Jerry Jameson forged an extraordinary reputation as an editorial consultant on hundreds of episodes of some of the most enduring TV series of the 1960’s (The Andy Griffith Show, I Spy, Gomer Pyle: USMC, My World and Welcome To It, Mod Squad, That Girl) and some not so enduring (The Guns of Will Sonnett, Good Morning World, Accidental Family, Rango). He made the jump to feature film directing with the savage 1971 thriller Brute Corps. It was a logical progression. The accumulated skills of editing and production supervision were a perfect fit for the 70’s boom in independently (aka low budget) produced theatrical projects and network TV movies. Still directing top TV shows and feature film up until 2015 (at age 81) without much of a break in those near-50 years, Jameson has proven to be a reliable, intelligently thrifty and adventurous production force (sometimes directing up to four to seven projects a year). Like his contemporaries, directors-for-hire like Jerrold Freeman, Marvin Chomsky, John Llewellyn Moxey, Earl Bellamy, Boris Sagal and Joseph Sargent, to list only a few, Jameson would alternate between made-for-TV features and the occasional theatrical effort. These directors never missed a job and were super skilled and intelligent with more on their minds than the expected no-questions-asked payday. Personal identity streamed from their work; they just couldn’t help themselves. What I am most interested in here is “figuring out” Jameson on his own terms, through his work. I’m not as interested in that a good deal of his work has been denigrated and dismissed over the years.

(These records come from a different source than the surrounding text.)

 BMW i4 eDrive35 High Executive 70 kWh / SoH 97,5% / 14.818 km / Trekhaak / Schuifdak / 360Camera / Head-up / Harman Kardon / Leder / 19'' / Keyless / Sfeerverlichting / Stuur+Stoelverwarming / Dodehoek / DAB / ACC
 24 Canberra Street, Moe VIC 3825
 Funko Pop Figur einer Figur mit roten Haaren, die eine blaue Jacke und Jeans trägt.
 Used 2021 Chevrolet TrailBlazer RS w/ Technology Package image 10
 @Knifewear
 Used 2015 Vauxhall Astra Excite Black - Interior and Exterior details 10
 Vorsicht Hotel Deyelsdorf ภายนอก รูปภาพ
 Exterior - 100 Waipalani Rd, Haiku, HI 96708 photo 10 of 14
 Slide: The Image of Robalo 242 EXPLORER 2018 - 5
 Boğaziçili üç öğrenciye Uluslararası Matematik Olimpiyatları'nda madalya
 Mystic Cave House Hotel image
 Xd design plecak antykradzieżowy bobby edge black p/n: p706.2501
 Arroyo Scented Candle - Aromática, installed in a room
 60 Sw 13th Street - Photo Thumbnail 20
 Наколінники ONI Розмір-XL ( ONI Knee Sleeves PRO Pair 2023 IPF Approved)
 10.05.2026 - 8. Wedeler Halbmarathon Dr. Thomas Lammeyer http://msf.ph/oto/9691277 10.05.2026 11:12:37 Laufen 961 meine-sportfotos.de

I grew up on made-for-TV films and, as a child, gave them as much interest and emotional investment as any theatrical film of the time.  Many of these films, I realized, were my best chance of being exposed to the adult world and all of its confusing, frightening, traumatic inevitability without parental accompaniment. I didn’t know about or ever felt inclined to criticize or judge films when I was a kid. I just watched stuff. All of it. And, as time marched forward, it turned out that Jameson’s name kept popping up as director on some of the films that jarred or provoked me the most. True, the formula (especially in Jameson’s case) was mainly obvious, crass and cynical – meaning: most of these productions were lower tier, micro budget 74 minute rip-offs of popular theatrical films currently busting box-office records (“disaster” films were a Jameson specialty) – however, what I find surprising is how consistent and connected Jameson’s productions are, both stylistically and thematically, for the bulk of his career – especially in his first decade as a director of feature-length dramatic films (1971-1980).  It’s one thing for a director-for-hire to professionally tackle the task he’s paid to accomplish, on budget and on schedule. And, to somehow, despite the extremely restrictive creative environment, meager funds and potentially tread-worn subject matter, to actually carve out a relatively personal signature that separates (not necessarily elevates) Jameson from the rest of the equally estimable pack. For me, the films of Jerry Jameson are succulent fruit ripe for the picking – satisfying, complex, bold and frequently confrontational IN YOUR FACE entertainment.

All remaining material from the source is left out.